- Language: English
- Genre: Comedy

Publication
- Publisher: American Magazine (US) Strand (UK)
- Media type: Print (Magazine)
- Publication date: December 1931 (US) March 1932 (UK)

= Strychnine in the Soup =

1931 short story by P. G. Wodehouse

"Strychnine in the Soup" is a short story by the British comic writer P. G. Wodehouse. A part of the Mr. Mulliner series, the story was first published in the US in The American Magazine in December 1931 (as "A Missing Mystery"), and in the UK in The Strand Magazine in March 1932. It also appears in the collection Mulliner Nights (1933).

==Plot==
Cyril Mulliner, an interior decorator with a passion for mystery stories, finds a handful of his flesh being twisted by the lovely Amelia Bassett at a showing of The Grey Vampire and the two fall instantly in love with each other. Fate, however, has thrown a spanner in the works, in the form of Amelia's mother, Lady Bassett, a well-known big game hunter and explorer, who objects to an interior decorator as a son-in-law, preferring that Amelia marry Lester Mapledurham ("pronounced 'Mum'"), another well-known big game hunter and explorer. The plot twists and turns (and thickens) but Cyril wins Amelia in the end, thanks to a wandering copy of the new Inspector Mould mystery, Strychnine in the Soup.

==Publication history==

In The American Magazine, the story was illustrated by Roy F. Spreter. It was illustrated by Treyer Evans in the Strand. The story was published in Ellery Queen's Mystery Magazine in February 1952.

"Strychnine in the Soup" was collected in the Mulliner Omnibus, published in 1935 by Herbert Jenkins Limited, and in The World of Mr. Mulliner, published in the UK in 1972 by Barrie & Jenkins and issued in the US in 1974 by the Taplinger Publishing Company. It was included in the 1939 collection The Week-End Wodehouse (US edition), published by Doubleday, Doran & Co. The story was featured in the 1949 collection The Best of Wodehouse, with stories selected by Scott Meredith and published by Pocket Books, New York. The collection generally included one story from each series, and "Strychnine in the Soup" was the only Mulliner story. The story was collected in the 1960 book The Most of P. G. Wodehouse, published in October 1960 by Simon and Schuster, New York. It was also included in Wodehouse on Crime, edited by D. R. Bensen and published by Ticknor & Fields, New York, in 1981.

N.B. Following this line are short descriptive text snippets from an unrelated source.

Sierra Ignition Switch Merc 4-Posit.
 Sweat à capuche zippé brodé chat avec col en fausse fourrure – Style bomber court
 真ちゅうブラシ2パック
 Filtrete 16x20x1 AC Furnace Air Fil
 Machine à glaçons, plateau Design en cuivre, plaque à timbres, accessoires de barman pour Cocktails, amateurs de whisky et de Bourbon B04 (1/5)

The story was included in the anthology Treasury of Great Humor, Including Wit, Whimsy, and Satire from the Remote Past to the Present, edited and with commentary by Louis Untermeyer, and published by McGraw-Hill, New York, in 1972.

==Adaptations==

A BBC TV adaptation of the story aired on 9 April 1976 as part of the Wodehouse Playhouse series.